To: SimonSapin, #hg-reviewers
Cc: mercurial-patches, mercurial-devel

Patch

diff --git a/tests/test-config-parselist.t b/tests/test-config-parselist.t
new file mode 100644
--- /dev/null
+++ b/tests/test-config-parselist.t
@@ -0,0 +1,76 @@ 
+List-valued configuration keys have an ad-hoc microsyntax. From `hg help config`:
+
+> List values are separated by whitespace or comma, except when values are
+> placed in double quotation marks:
+>
+>     allow_read = "John Doe, PhD", brian, betty
+>
+> Quotation marks can be escaped by prefixing them with a backslash. Only
+> quotation marks at the beginning of a word is counted as a quotation
+> (e.g., ``foo"bar baz`` is the list of ``foo"bar`` and ``baz``).
+
+That help documentation is fairly light on details, the actual parser has many 
+other edge cases.

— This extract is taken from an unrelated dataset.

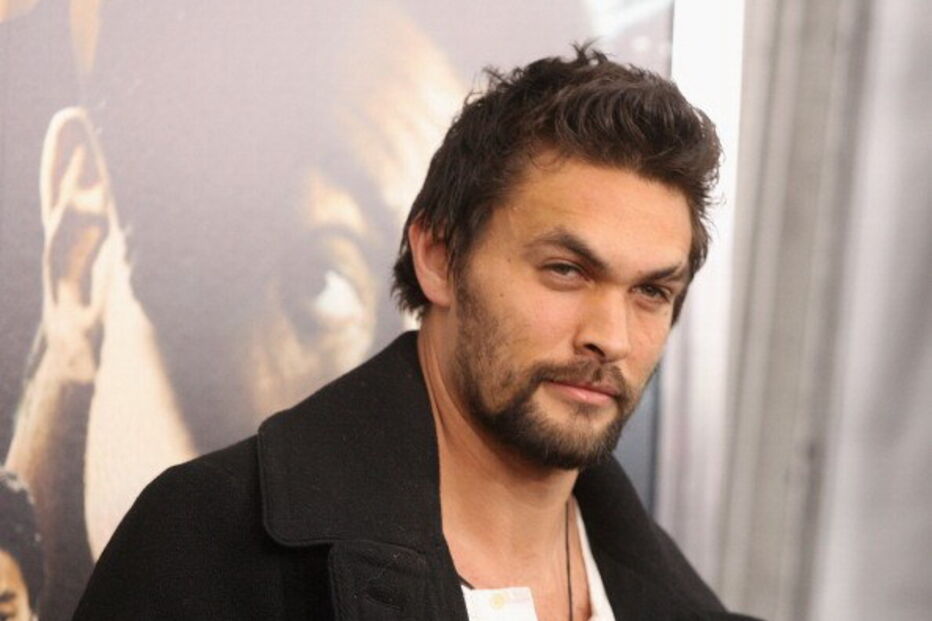 O ator havaiano Jason Momoa, de 38 anos, está em 2.º lugar da lista dos homens mais bonitos do mundo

This test tries to cover them.
+
+
+Somehow, one backslash-escaping level seems to be removed
+between >>> blocks here and the Python parser:
+
+  >>> print(b'\\"'.decode('ascii'))
+  "
+  >>> print(b'\\\\"'.decode('ascii'))
+  \"
+  >>> print(rb'\\"'.decode('ascii'))
+  \"
+
+
+Keep these Python tests in sync with the Rust ones in `rust/hg-core/src/config/values.rs`
+
+  >>> from mercurial.utils.stringutil import parselist
+  >>> for input in [
+  ...    b'',
+  ...    b',',
+  ...    b'A',
+  ...    b'B,B',
+  ...    b', C, ,C,',
+  ...    b'"',
+  ...    b'""',
+  ...    b'D,"',
+  ...    b'E,""',
+  ...    b'"F,F"',
+  ...    b'"G,G',
+  ...    b'"H \\\\",\\\\"H',
+  ...    b'I,I"',
+  ...    b'J,"J',
+  ...    b'K K',
+  ...    b'"K" K',
+  ...    b'L\\tL',
+  ...    b'"L"\\tL',
+  ...    b'M\\x0bM',
+  ...    b'"M"\\x0bM',
+  ...    b'"N"  , ,"',
+  ...    b'" ,O,  ',
+  ... ]:
+  ...     print(repr(parselist(input)))
+  []
+  []
+  [b'A']
+  [b'B', b'B']
+  [b'C', b'C']
+  [b'"']
+  [b'', b'']
+  [b'D', b'"']
+  [b'E', b'', b'']
+  [b'F,F']
+  [b'"G', b'G']
+  [b'"H', b',', b'H']
+  [b'I', b'I"']
+  [b'J', b'"J']
+  [b'K', b'K']
+  [b'K', b'K']
+  [b'L', b'L']
+  [b'L', b'', b'L']
+  [b'M', b'M']
+  [b'M', b'', b'M']
+  [b'N"']
+  [b'"', b'O']
diff --git a/rust/hg-core/src/config/values.rs b/rust/hg-core/src/config/values.rs
--- a/rust/hg-core/src/config/values.rs
+++ b/rust/hg-core/src/config/values.rs
@@ -8,6 +8,8 @@ 
 //! details about where the value came from (but omits details of what’s
 //! invalid inside the value).
 
+use crate::utils::SliceExt;
+
 pub(super) fn parse_bool(v: &[u8]) -> Option<bool> {
     match v.to_ascii_lowercase().as_slice() {
         b"1" | b"yes" | b"true" | b"on" | b"always" => Some(true),
@@ -42,6 +44,216 @@ 
     value.parse().ok()
 }
 
+/// Parse a config value as a list of sub-values.
+///
+/// Ported from `parselist` in `mercurial/utils/stringutil.py`
+
+// Note: keep behavior in sync with the Python one.
+
+// Note: this could return `Vec<Cow<[u8]>>` instead and borrow `input` when
+// possible (when there’s no backslash-escapes) but this is probably not worth
+// the complexity as config is presumably not accessed inside
+// preformance-sensitive loops.
+pub(super) fn parse_list(input: &[u8]) -> Vec<Vec<u8>> {
+    // Port of Python’s `value.lstrip(b' ,\n')`
+    // TODO: is this really what we want?
+    let input =
+        input.trim_start_matches(|b| b == b' ' || b == b',' || b == b'\n');
+    parse_list_without_trim_start(input)
+}
+
+fn parse_list_without_trim_start(input: &[u8]) -> Vec<Vec<u8>> {
+    // Start of port of Python’s `_configlist`
+    let input = input.trim_end_matches(|b| b == b' ' || b == b',');
+    if input.is_empty() {
+        return Vec::new();
+    }
+
+    // Just to make “a string” less confusable with “a list of strings”.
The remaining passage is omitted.